Mais, bien qu’il y ait en nous quelque chose qui fait de chacun de nous un être formé pour devenir semblable à Dieu, un être capable de « recevoir le droit d’être fait enfant de Dieu, » — néanmoins, la conscience que nous avons de nous-mêmes à cette heure nous dit, qu’en face de ce fait d’origine, nous sommes des enfants égarés, et même rebelles. Quelque altérée de Dieu que soit notre nature, bien que nous sentions que rien en dehors de l’amour personnel de Dieu pour nous, ne saurait satisfaire aux besoins innés de notre cœur, — ce même cœur a le sentiment profond et douloureux, que ce que nous appelons notre amour ne peut s’élever jusque-là ; que nous ne savons plus aimer, dans le sens dans lequel Dieu aime.
Telle est la raison qui fait que, pour aller à Dieu, nous n’avons pas assez d’une lumière, fût-elle la plus éclatante et la plus glorieuse. C’est aussi la raison pour laquelle le fait de vie divine qui, à lui seul, était lors de nos origines « la lumière des hommesg » ne nous suffit plus à cette heure. Ce dont nous souffrons, en effet, ce n’est pas de ce que les lumières qui nous sont encore accordées seraient fausses ou obscurcies. Non ! c’est bien de ce que ce ne sont là que des lumières.
g – Jean 1.4.
Pour ne parler que de la plus indéniable de ces lumières, de la lumière de notre conscience, c’est de ce que, loin de nous conduire à Dieu, cette lumière n’aboutit bien plutôt, à elle seule, qu’à nous révéler l’abîme qui nous sépare de lui ; tout en nous faisant clairement entrevoir, qu’en lui seul résident les sources de notre vie. En même temps que la loi essentielle de notre liberté nous fait toucher à la réalité, de sa volonté suprême, en même temps, et au même degré, nous ressentons aussi cet autre fait, que notre volonté actuelle n’est pas sujette, et qu’elle ne saurait se rendre elle-même sujette, à cette loi ; que, quelles qu’en soient à nos yeux la justice et la sainteté, nous ne saurions ne fût-ce que vouloir faire, de cette loi, la source et la force des libres élans de notre cœur.
Voilà bien ce qui rend indispensable l’avènement, entre Dieu et nous, d’un rapport différent de celui qui intervient entre lui et toutes les autres créatures qui habitent notre monde. Voilà ce qui exige, entre lui et nous, un rapport tout autre que celui qui résulterait pour nous de la seule vue de sa réalité, de sa puissance, ou même de sa bonté. Pour que notre être lui-même, — c’est-à-dire pour que notre cœur, — entre en rapport avec lui, il faut que nous ayons été de sa part les objets de cette espèce spéciale de bonté qui s’appelle la grâce, ou le pardon par amour. C’est là le rapport qui devra s’être établi, non pas tout d’abord de nous à Dieu, mais avant tout de Dieu à nous. Avant qu’il soit possible de donner notre cœur à Dieu comme à notre Dieu, il faudra que Dieu nous ait fait la grâce de conquérir lui-même notre cœur.

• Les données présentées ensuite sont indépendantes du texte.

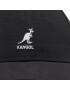 Kangol Шапка с козирка Ripstop Essential K5363 Черен - Pepit.bg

Et ici, vous le sentez, il n’est pas question de telle ou telle doctrine sur l’origine historique, ou sur les conséquences finales, du péché. La conscience du péché, la constatation de la présence au dedans de nous du péché, n’a rien à faire avec la doctrine par laquelle nous nous rendrions compte à nous-mêmes de ce fait. L’expérience du fait précédera nécessairement toujours toute doctrine à l’égard de ce fait.
Aussi bien l’expérience du péché est-elle un fait d’admission universelle ; et est-ce bien la réalité de cette expérience, jointe à son universalité, qui seule explique le mystère douloureux de l’histoire et des peuples et des individus.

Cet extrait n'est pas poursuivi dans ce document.